The problem with this theory is that the initial shift from wolf-like to dog-like traits could only have happened very slowly. Wolves are relatively uniform in appearance, so the odds of a mutation appearing randomly in a captive population are small. It would have taken many thousands or even millions of years to get much diversity. Yet fossil evidence shows that dogs appeared not all that long ago. If it's true that dogs have existed for only about 15,000 years, this is a blink of the eye in evolutionary terms. DNA evidence indicates that dogs may have begun to split with wolves as many as 100,000 years ago, but this is still relatively recent. Yet in dogs we see some of the most extreme physical diversity of any mammalian species. There is more variation in size, color, coat texture and other aspects of appearance within dogs than there is among all other members of the canid family.

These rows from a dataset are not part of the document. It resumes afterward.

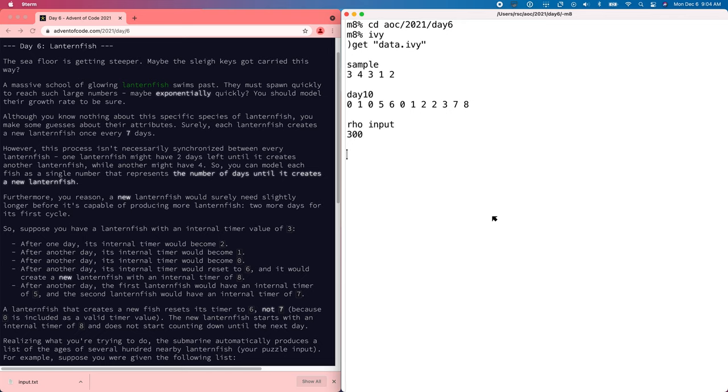Let's solve the Advent of Code 2021 Day 6 puzzle using Ivy. Ivy has lasted a lot longer than I thought it was going to, but we might as well keep going until it runs out.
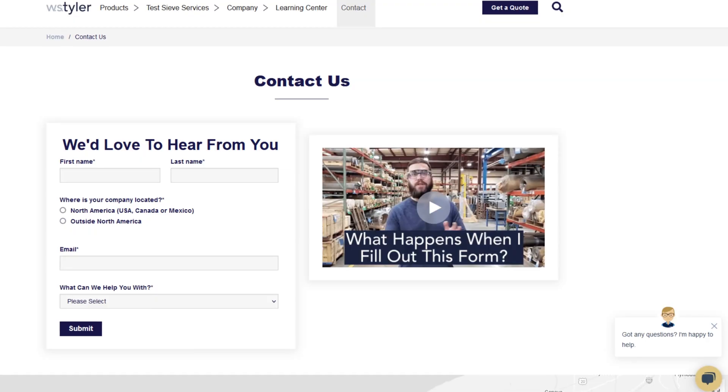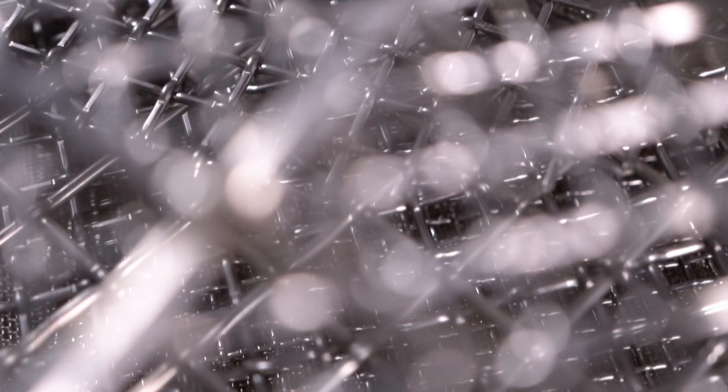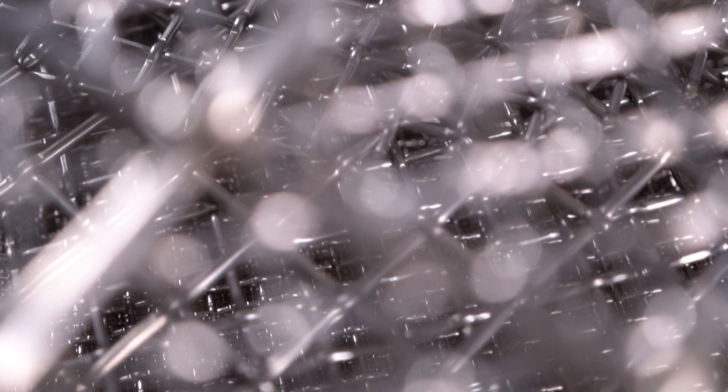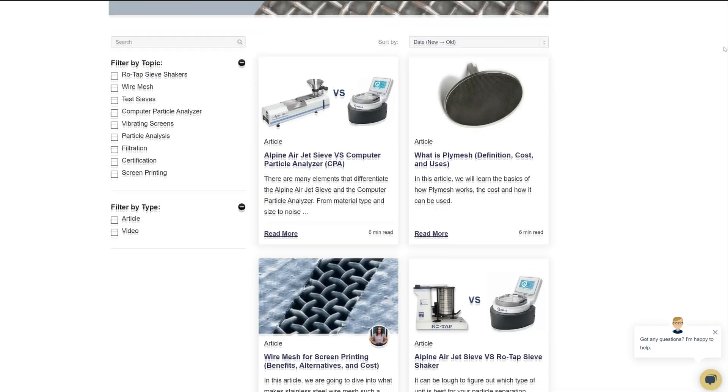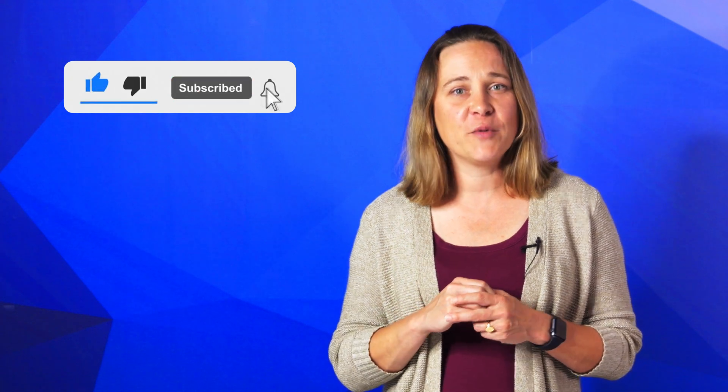Thanks so much for watching. If you have any questions, fill out a contact us form so we can answer your specific requests — just click on the link in the description. And if you'd like to learn more about woven wire mesh or our many products, we have a learning center filled with written and video content to make you an expert. Just click the second link and you'll be that expert in no time. Don't forget to click the subscribe button and ring that bell to keep up with all things WS Tyler. My name is Candice Blaker, and I'll see you around in the next video. Bye for now.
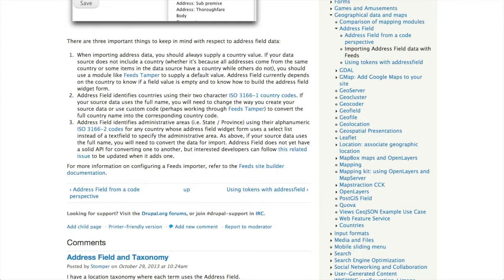Second, the country value you supply must be a valid two-character country code that conforms to the ISO 3166-1 standard. If you are using another format, such as the full name of the country, you will either have to change your data in the source text file or transform it during import using feeds tamper or a custom module. Finally, the data for state or province, also known as administrative area, must also use a two-digit code conforming to the ISO 3166-2 standard.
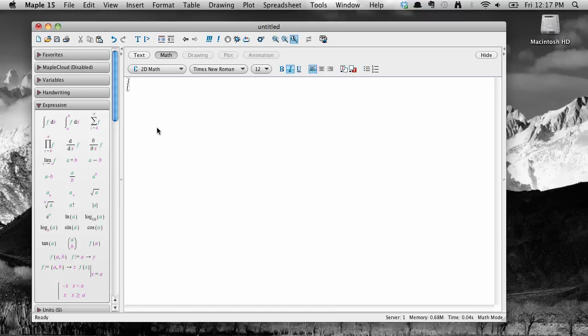Welcome again to another screencast on Maple 15. This screencast is going to focus on another way Maple makes it easy to do things just by pointing and clicking, this time through the use of context menus.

Recent publications, such as the controversial book "Dogs: A Startling New Understanding of Canine Origin, Behavior, & Evolution," by Raymond and Lorna Coppinger, present an alternative theory for the way that dogs evolved from wolves. The Coppingers suggest that some wolves "domesticated themselves." When humans went from mobile hunter/gatherer societies to sedentary villagers, they created a new ecological niche for neighboring wolves. The traditional niche for wolves is a forest predator of herbivores (plant-eaters) such as deer and elk. This niche requires wolves to be large, strong, increase testosterone innovative and able to learn by example. Humans living together in a group produce food scraps and other waste, which represents a valuable food source for animals. Wolves living near people began taking advantage of these resources, and the boldest wolves got the most and survived the best. Studies with captive wolves demonstrate that while you can raise wolves to be somewhat tolerant of people, they retain a suspicious nature and are extremely difficult to train.